PANAMA CITY BEACH — In June of last year, a supermoon was in the sky the night author and screenwriter Richard Matheson died. A supermoon painted the night in brilliant shades of blue last Sunday, as well, the night actor and comedian Robin Williams’ took his own life.

It’s getting to be that I dread the next supermoon, which will hang over us on Sept. 9, and wonder what its tides will wash to the heavens.

Among his many dramatic roles, Williams portrayed Chris, the lead character in a 1998 movie based on Matheson’s brilliant 1978 novel, “What Dreams May Come.” In the film, as in the book, Chris finds himself in heaven after a car crash, then descends into his wife’s self-imposed hell to rescue her soul after she commits suicide.

“It’s not about understanding,” Chris says in one scene, “it’s about not giving up!”

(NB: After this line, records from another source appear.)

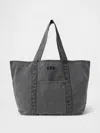 Gap Logo Tote Bag In Black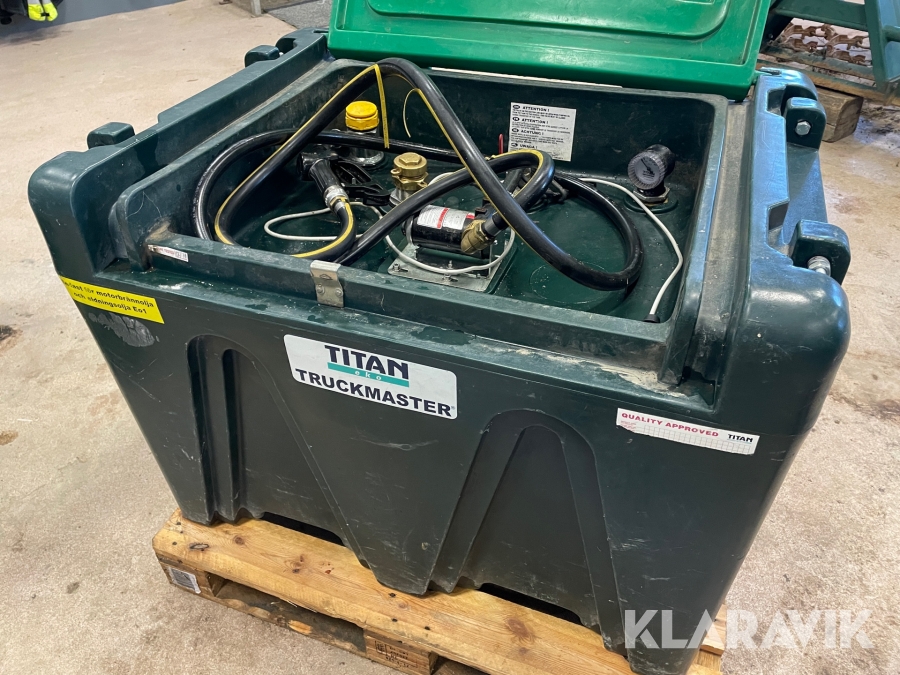 Titan eko truckmaster 400liter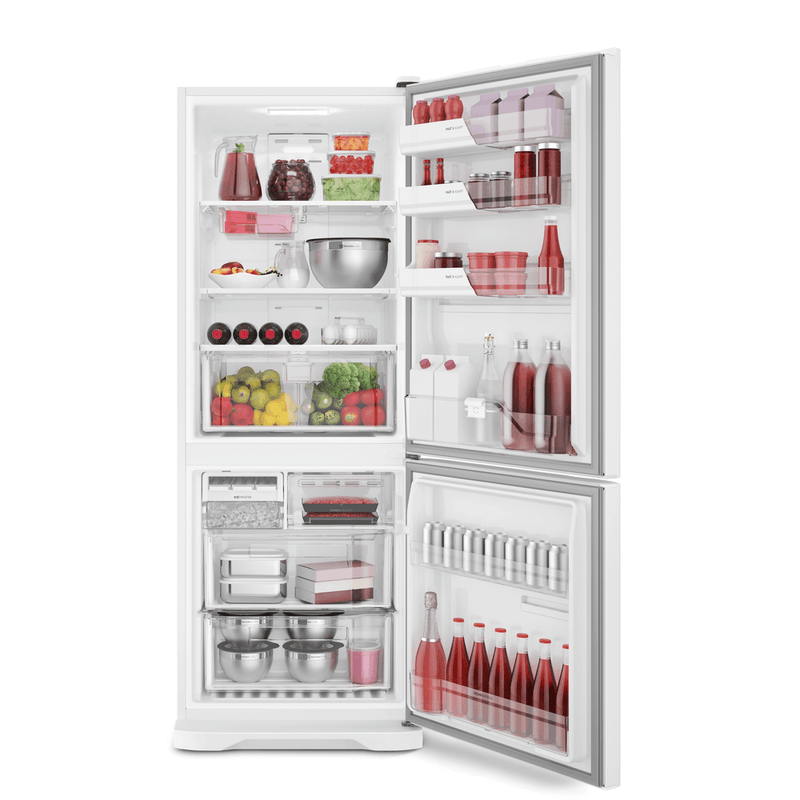 Geladeira Electrolux Frost Free Inverter 454L Efficient Inverse Branca (IB53)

By Tuesday, social media was filled with lists of Williams’ roles that touched people — beginning with his antics as Mork from Ork and continuing through his recent TV series, “The Crazy Ones.” Many of them quoted from “Dead Poets Society” or “The World According to Garp” or even “Mrs. Doubtfire.” Many commented on “What Dreams May Come” and wondered how a man who starred in a film with such a transcendent message could fall victim to his own darkness.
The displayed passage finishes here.